[Start of section]

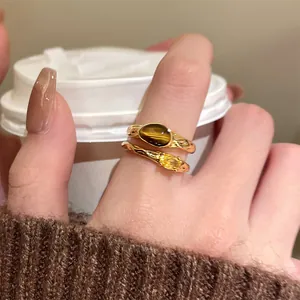 Close-up detail of vintage 18k gold plated open ring with tiger eye and zircon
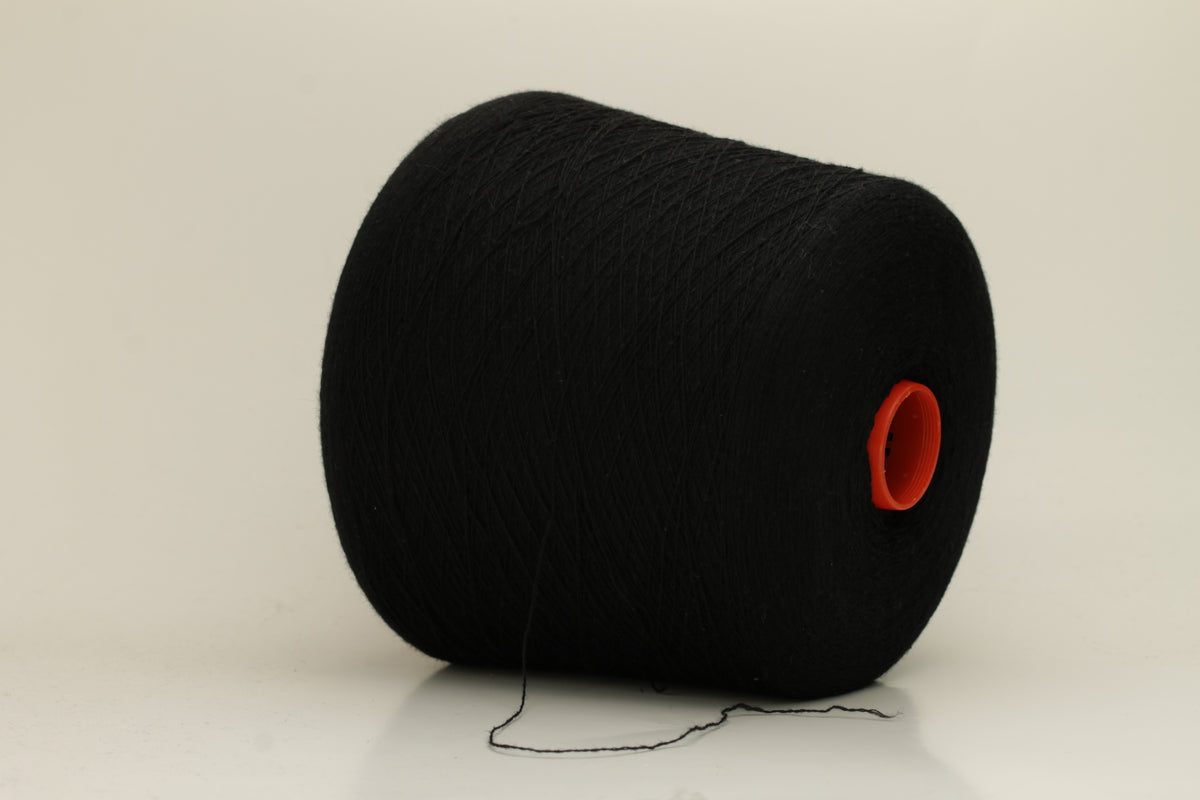 Rich, deep black 2-ply yarn with a fine, smooth twist; exhibits a subtle sheen and incredibly soft, uniform texture.
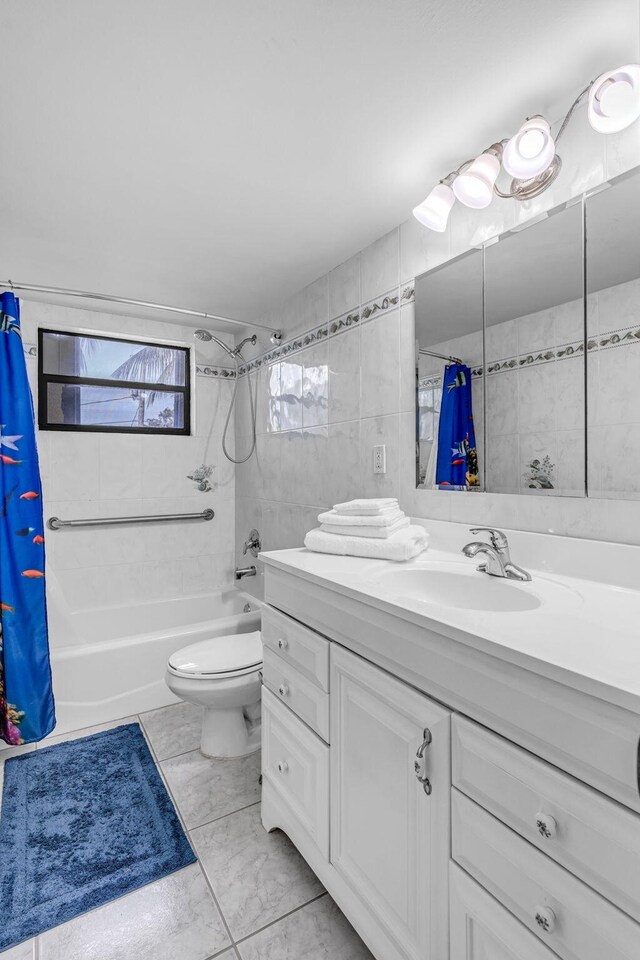 full bathroom with vanity, tile walls, shower / tub combo, and toilet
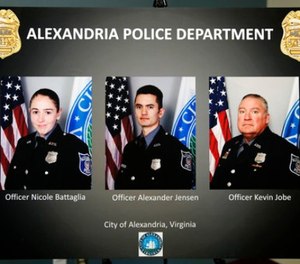 A poster shows images of Alexandria, Va. Police Officers, from left, Nicole Battaglia, Alexander Jensen, and Kevin Jobe, during a news conference at the Police Headquarters in Alexandria, Va., Monday, June 19, 2017, about the June 14 shooting at a baseball field in Alexandria. (AP Photo/Jacquelyn Martin)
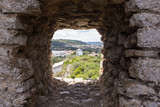 Fototapeta Mapy - Old windmill through small window in fortress wall, Obidos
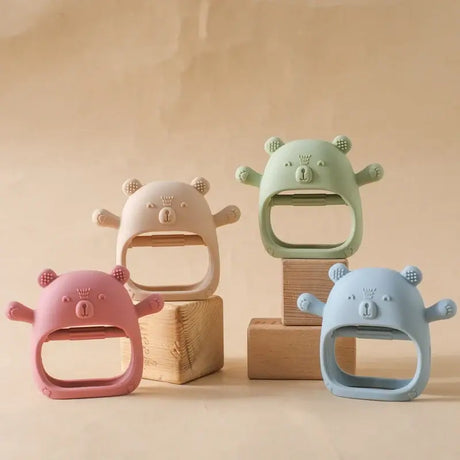 Colorful silicone baby teether gloves in bear design, suitable for children ages 0-6 years.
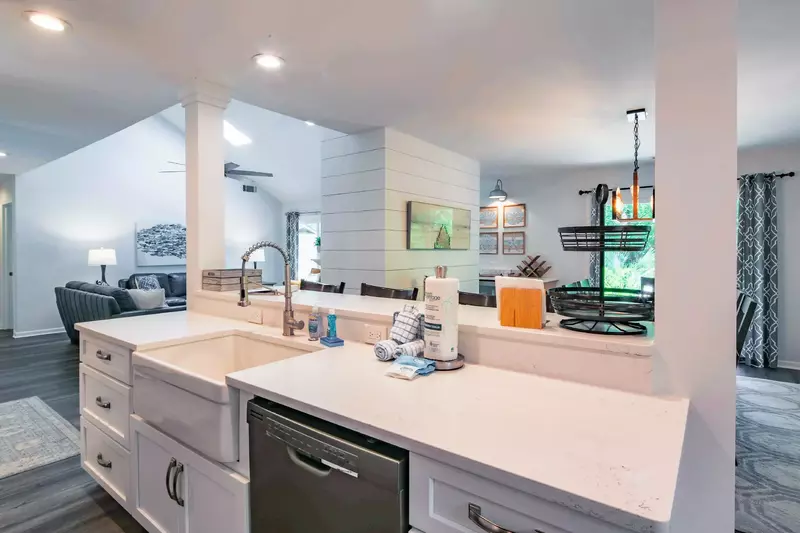 The open floor plan layout between the kitchen, living room and dining area make it easy to interact with your guests.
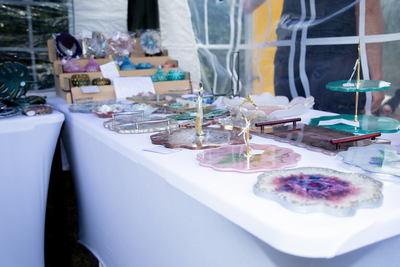 Resinbyjen	stall selling various resin items all handcrafted. Coasters, platters, serving dishes, bowls, some animal & reptile pieces, pendants & rose sprays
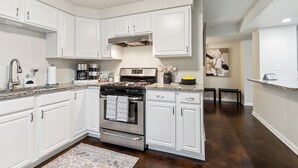 A modern kitchen with white cabinetry, stainless steel appliances, and a granite countertop. - Spacious 3-Bedroom Uptown House – Steps to Streetcar & Downtown (New Orleans)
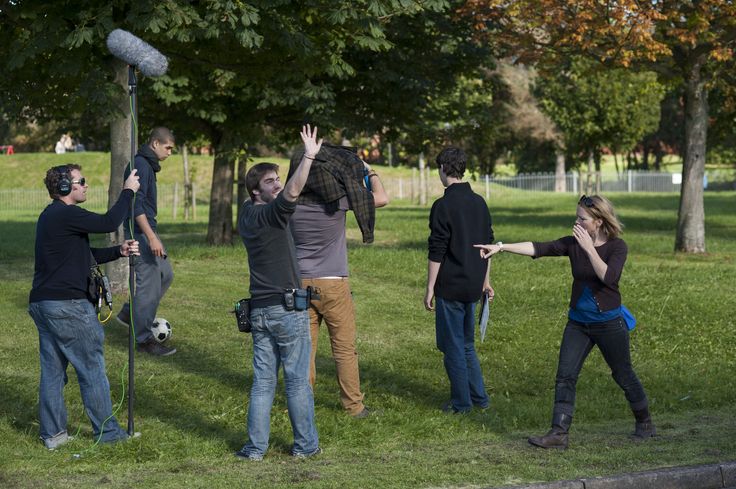 several people standing in the grass with their hands up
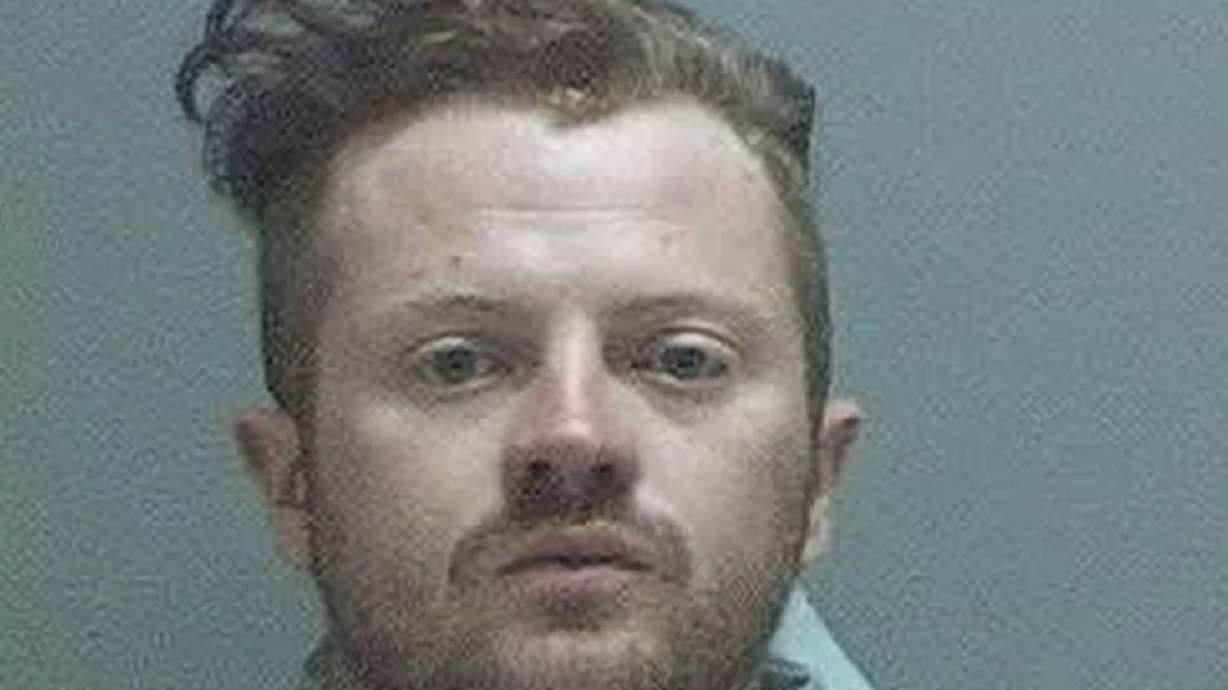 Salt Lake man charged with burning police car during riot to remain in jail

[End of section]

**Exercise:** Only these lines belong in the answer: the first line of the listing above through the line holding "full bathroom with", printed exactly and without pictures.

**Answer to this problem:**
 Close-up detail of vintage 18k gold plated open ring with tiger eye and zircon
 Rich, deep black 2-ply yarn with a fine, smooth twist; exhibits a subtle sheen and incredibly soft, uniform texture.
 full bathroom with vanity, tile walls, shower / tub combo, and toilet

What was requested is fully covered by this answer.